Bentonite is an important buffer material used as a component of a multi-barrier disposal system. For example, compacted bentonite rings and blocks are used to protect the copper container, used for the disposal of spent fuel, in the KBS-3 disposal system. As the bentonite saturates, through contact with groundwater from the host rock, it swells and provides a low hydraulic conductivity barrier, enabling the container to be protected from deleterious processes, such as corrosion. The characteristic swelling behaviour of bentonite is due to the presence of significant quantities of sodium montmorillonite.

Recently, there have been detailed in situ experiments designed to understand how bentonite performs under natural conditions. One such experiment is the Buffer–Rock Interaction Experiment (BRIE), performed at the Äspö Hard Rock Laboratory near Oskarshamn in the SE of Sweden. This experiment is designed to further understand the wetting of bentonite from the groundwater flow in a fractured granite host rock.

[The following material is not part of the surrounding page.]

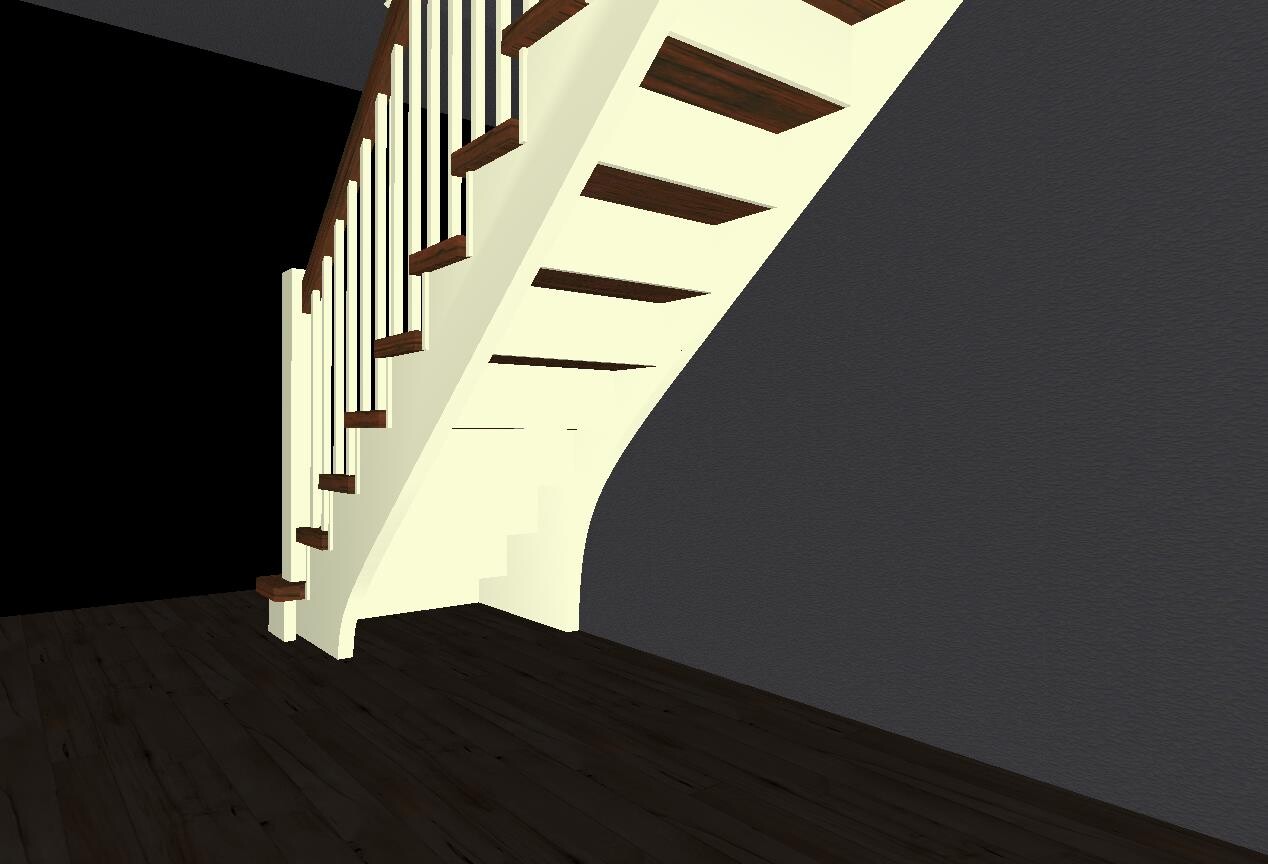 3D-Treppe mit Holzstufen und Geländer vor dunkler Innenwand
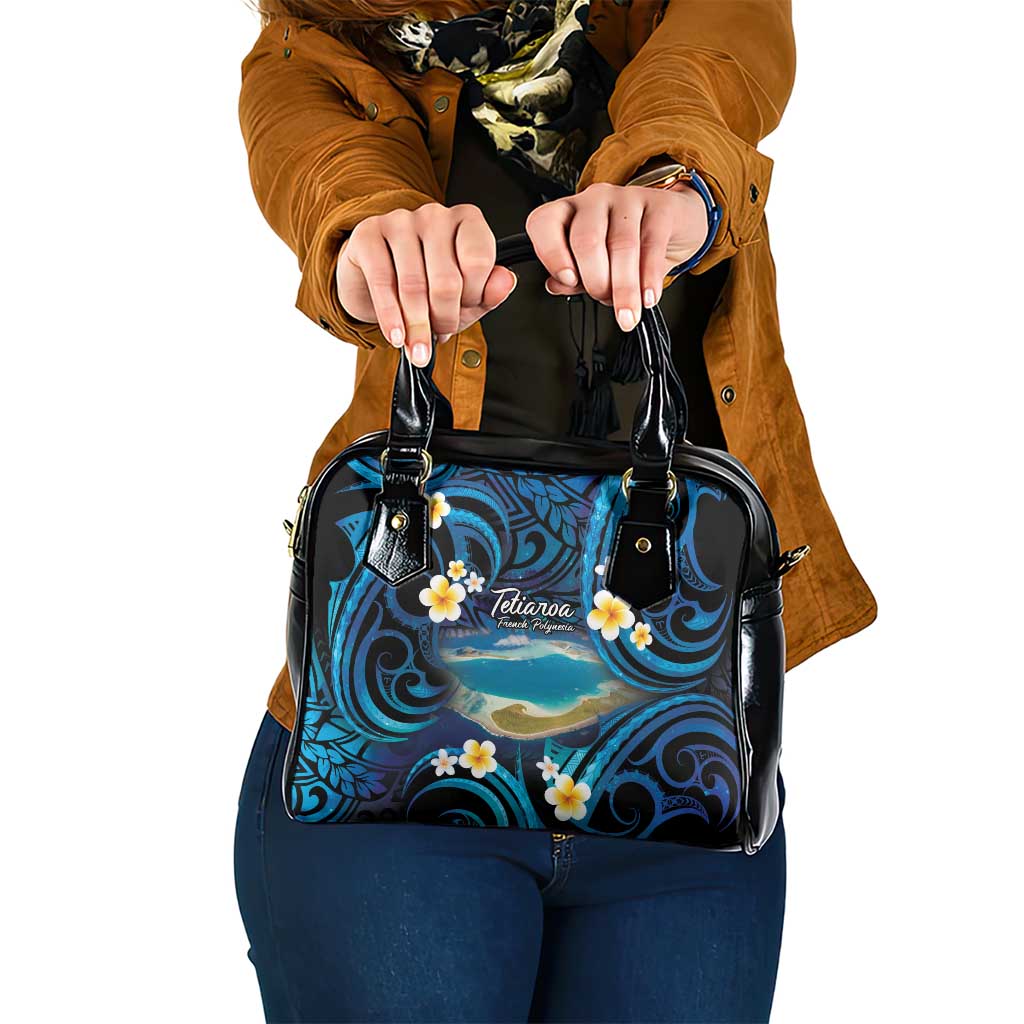 French Polynesia Tetiaroa Atoll Shoulder Handbag Polynesian Curves Style LT14 One Size Blue - Polynesian Pride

In this paper, the observations from the BRIE are explained using an integrated model that is able to describe the saturation of bentonite emplaced in a heterogeneous fractured rock. It provides a framework to understand the key processes in both the rock and bentonite. The predictive capability of these models was investigated within the context of uncertainties in the data and the consequence for predictions of the wetting of emplaced bentonite. For example, to predict the wetting of emplaced bentonite requires an understanding of the distribution of fracture transmissivity intersecting the bentonite. A consequence of these findings is that the characterization of the fractured rock local to the bentonite is critical to understanding the subsequent wetting profiles. In particular, prediction of the time taken to achieve full saturation of bentonite using a simplified equivalent homogeneous description of the fractured host rock will tend to be too short.